Authentic Leadership Development Executive Education

Our new executive education course at Harvard Business School, “Authentic Leadership Development,” which is based on True North, launched in February and was a big success. Check out the participants’ feedback on this link: Several called it “a transformative experience.” 

We have scheduled a second course at HBS on September 25-30, 2011 with the same great faculty: Dean Nitin Nohria, Rob Kaplan, Scott Snook and Joshua Margolis. Hope you can join us. Applications are open at HBS executive education.

 

Leadership skills start with self-awareness

Last week I served as faculty chair for Harvard Business School's new executive course, "Authentic Leadership Development." Sixty-four executives from 60 global companies spent five intense days honing their leadership.

Here's the catch: They concentrated almost entirely on leading themselves, not others.

What does leading yourself have to do with becoming a leader? Everything, actually.

Traditional leadership development programs have missed the mark for years, as they tried to remake leaders into someone different. I had this unfortunate experience numerous times in my career. It was never successful.

One boss told me that I needed to improve my management style, which was an accurate observation. When I asked for clarification, he said, "Be more like me." That feedback wasn't helpful, as his style and strengths were completely different than mine. If I emulated him, others would have seen me as phony, and I would have been much less effective as a leader.
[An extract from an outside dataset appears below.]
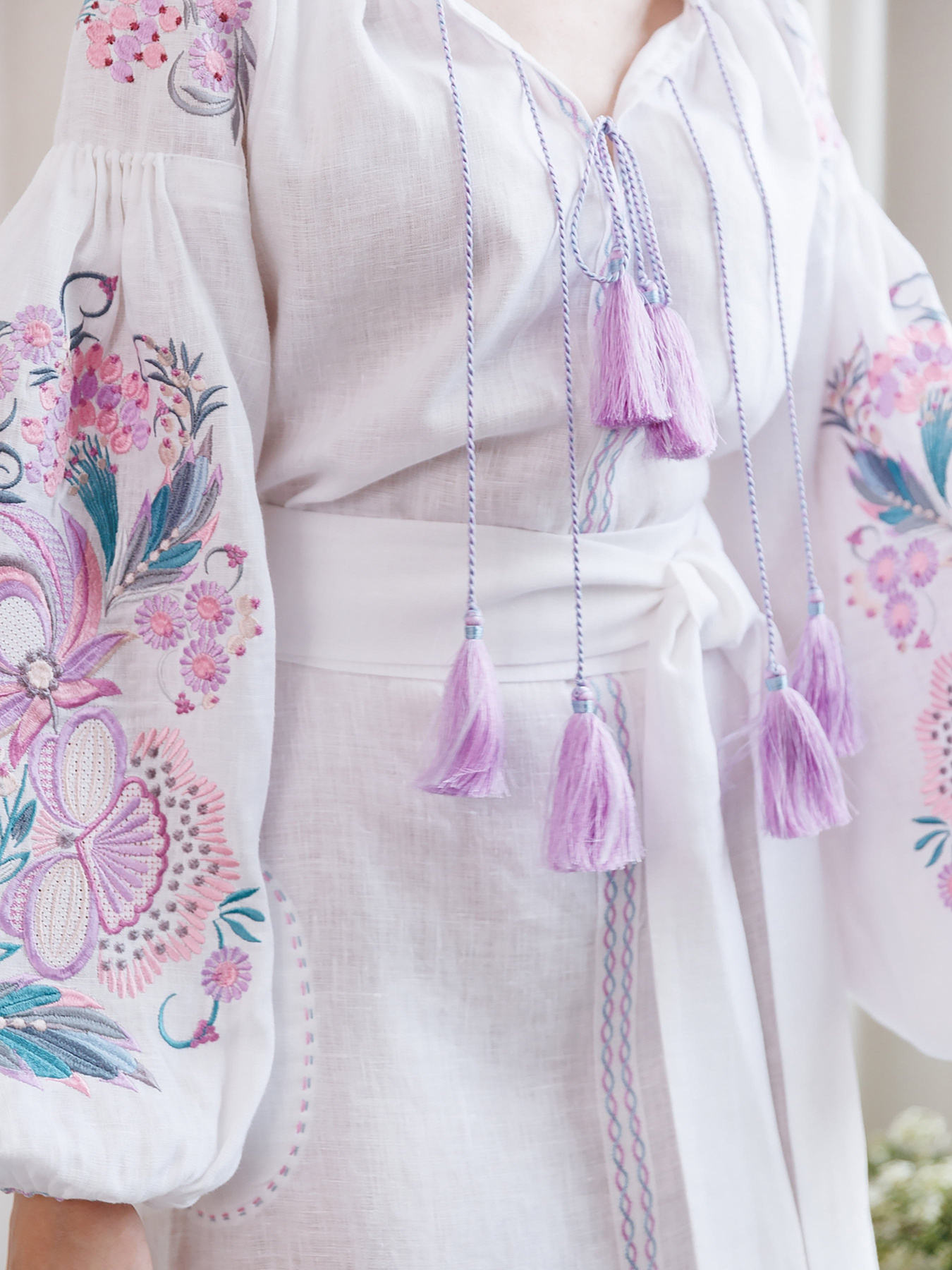 Вишита сукня Embroidered Gem модель 052411 Фото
We've all seen dozens of leaders fail in trying to emulate great leaders. At a recent conference, I asked the participants, "Can we all agree that the 'Great Man' theory of leadership is dead?" The essence of leadership is not trying to emulate someone else, no matter how brilliant they are. Nor is it having the ideal leadership style, achieving competencies or fixing your weaknesses. In fact, you don't need power or titles to lead. You only have to be authentic.

In observing leaders for 40 years, I have never seen someone fail for lack of IQ. But I have seen hundreds fail who lacked emotional intelligence (EQ). Psychologist Daniel Goleman first popularized the concept in his 1995 book, "Emotional Intelligence.'' He defined EQ as competencies driving leadership performance, including:

• Self-awareness: reading emotions and recognizing their impact;

• Self-management: controlling emotions and adapting to change;

• Social awareness: understanding others' emotions and comprehending social networks;

• Relationship management: inspiring, influencing, and developing others while managing conflict.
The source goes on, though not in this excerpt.